Yeniden öğrenci olduk, çalış babam çalış. Ben kendi
hesabıma rahatsızım, değişiklikler biraz zor kabullenilecek cinsten. Ama
bazıları var ki, toplum için ümit kapısı. Hangisi mi? Söyleyelim:
Yirmi - otuz yıl taksitle ev sahibi olmak. Hani
adını söyleyebilene aşk olsun diyebileceğim "mortgage" sistemi. Yasası
hazırlanıyor.
Kim ev sahibi olmak istemez ki?
Bu sistem yerleşirse yeni konutlar yapılacak. Yeni
konut yapmak demek yeni iş sahası demek, yeni konut yapmak konut açığını
kapamak, konut arzını artırmak demek, yani kira bedellerinin düşmesi demek.
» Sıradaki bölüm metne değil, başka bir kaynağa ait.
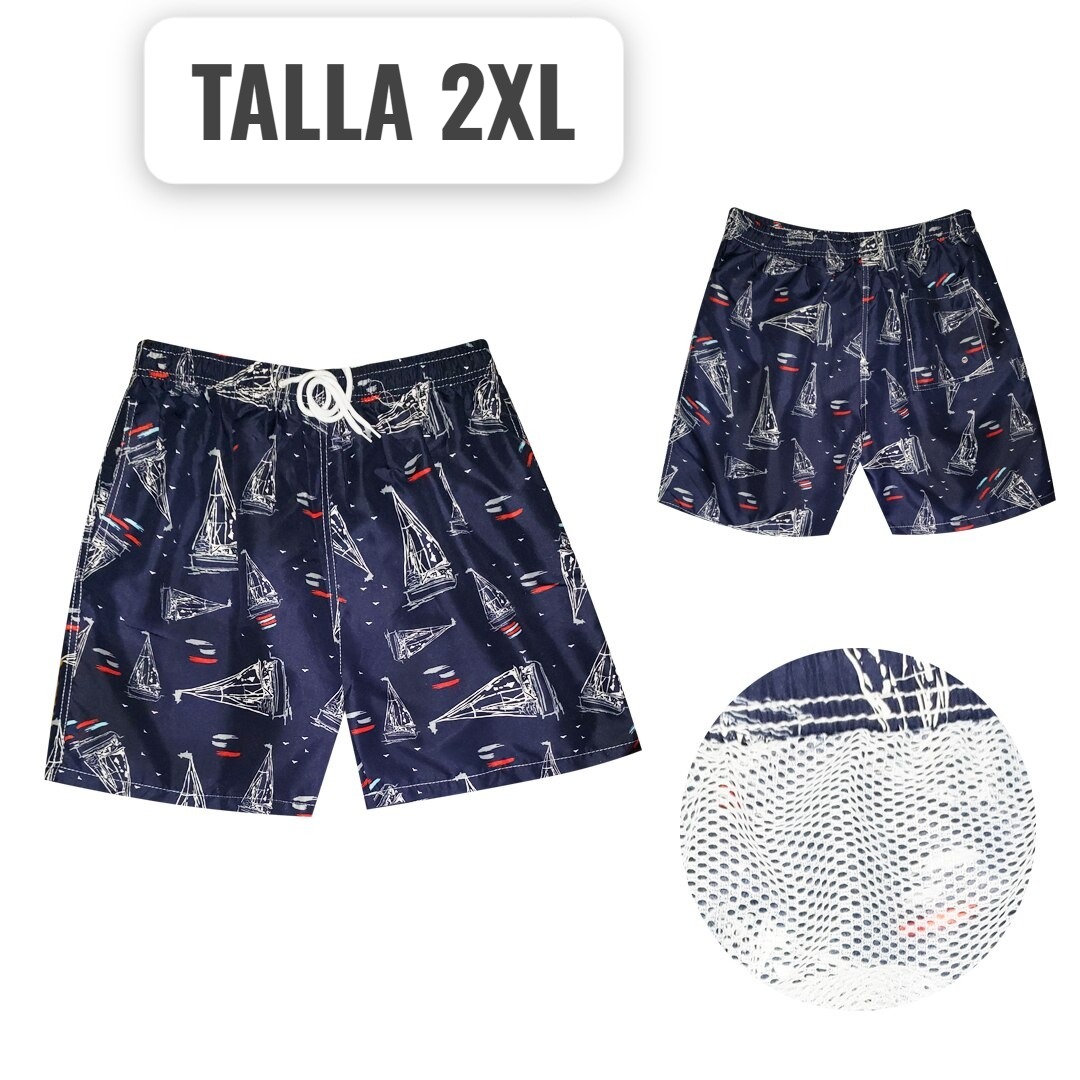 SHORT PLAYERO CABALLERO 2XL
Üstelik kira öder gibi ödeyip bir süre sonra bu yerin sahibi olmak demek. Bizim
şehirlerimizin kanser hastalığı olan plansız, projesiz yapıya "son" demek.
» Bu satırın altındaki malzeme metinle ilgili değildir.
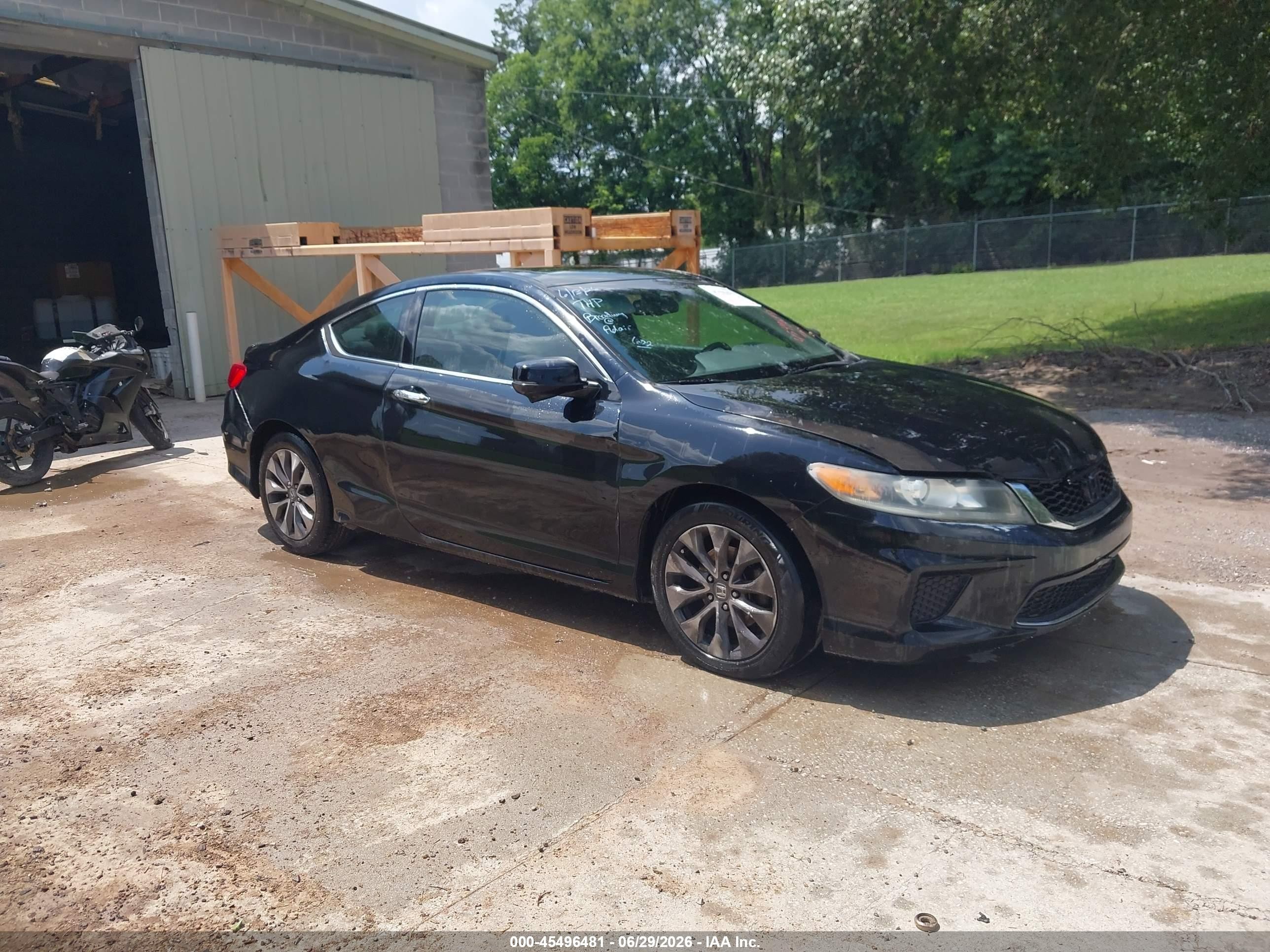 2015 Honda Accord Ex-l Black vin: 1HGCT1B8XFA005417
Şimdi buraya gelmişken bir iki saniye duralım.
Bu sistemde mutlaka yeni yapılacak binalar alınıp
satılacak değil, eski binalar da alınıp satılabilecek. İyi güzel de, İstanbul'u
düşünüyorum, sokağa çıkıp etrafa baktığımızda gördüğümüz binaların (bana göre)
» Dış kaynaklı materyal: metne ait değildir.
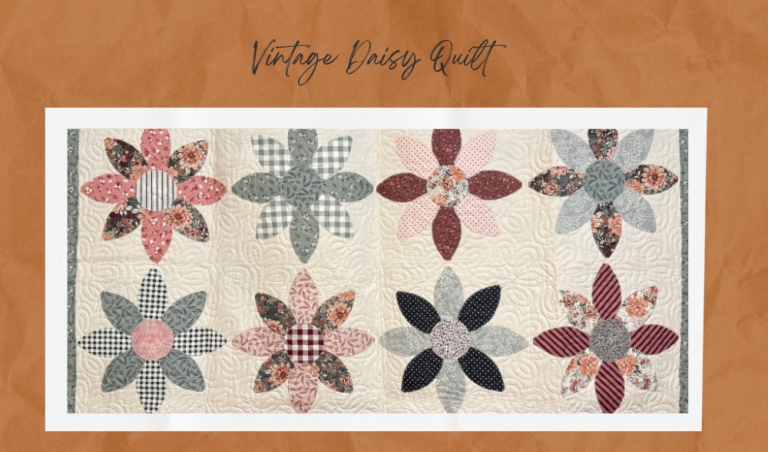 Vintage Daisy Quilt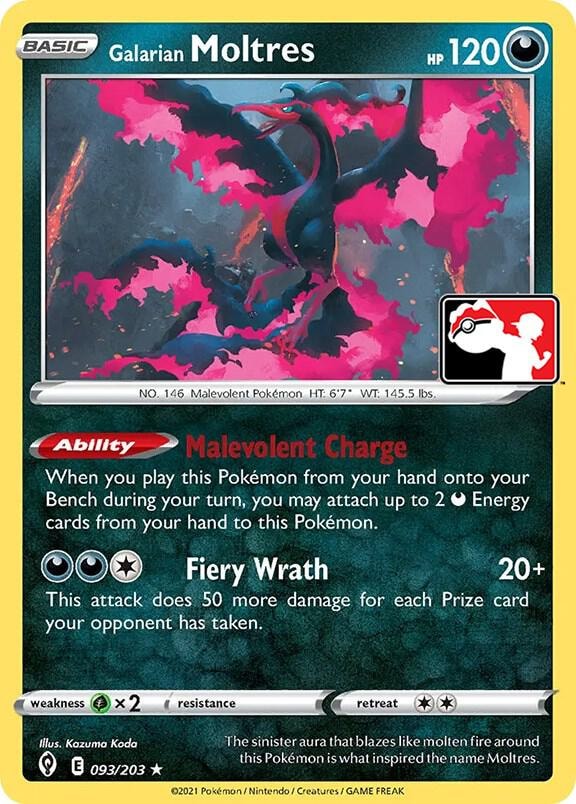 Galarian Moltres 093 203
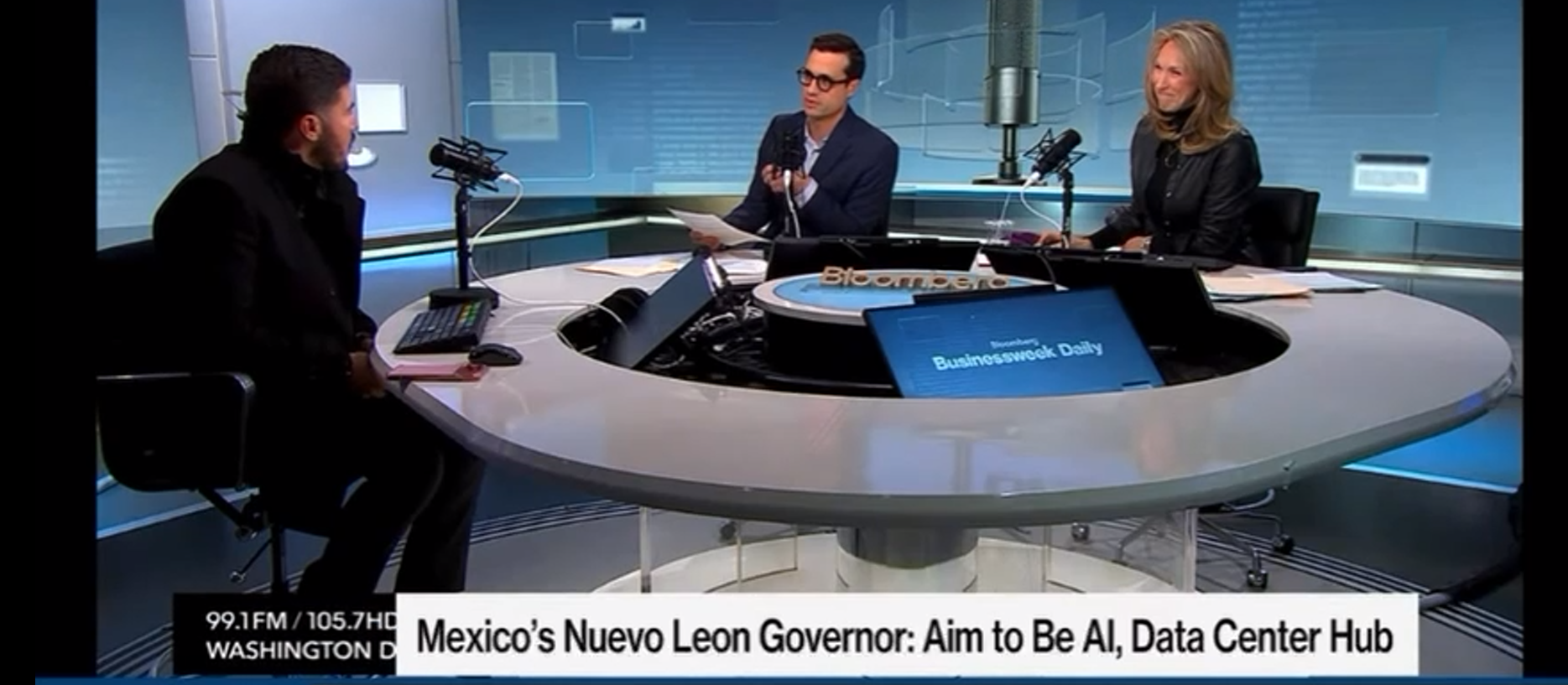 Destapan desde Nueva York a Samuel García como candidato a la Presidencia para el 2030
yüzde 95'i proje dışı. Ancak bu sistemde kredi alabilmek için satışa konu olacak
binalar, projesine uygun ve ruhsatlı binalar olmak zorunda. Öyleyse İstanbul'da
mevcut binaların bu sisteme girebilme oranı yüzde 5. Bu halde satış bedelinin ne
olacağını kestirmek mümkün değil.
Peki ülkemizde ortalama aylık gelir ne? Asgari
ücretin 440.000.000 TL civarında olduğu, bundan da birtakım kesintiler yapıldığı
düşünülürse, bu vatandaş hangi parayla taksit öder?
Umutları yıkmak için bunları anlatmıyorum. Sistemi
kurarken gerçekçi olmak, bu işe bel bağlamış vatandaşın hayallerini yıkmamak,
ülke gerçeğini düşünmek lazım. Sistem dünyada işliyor, umarım bizde de işler.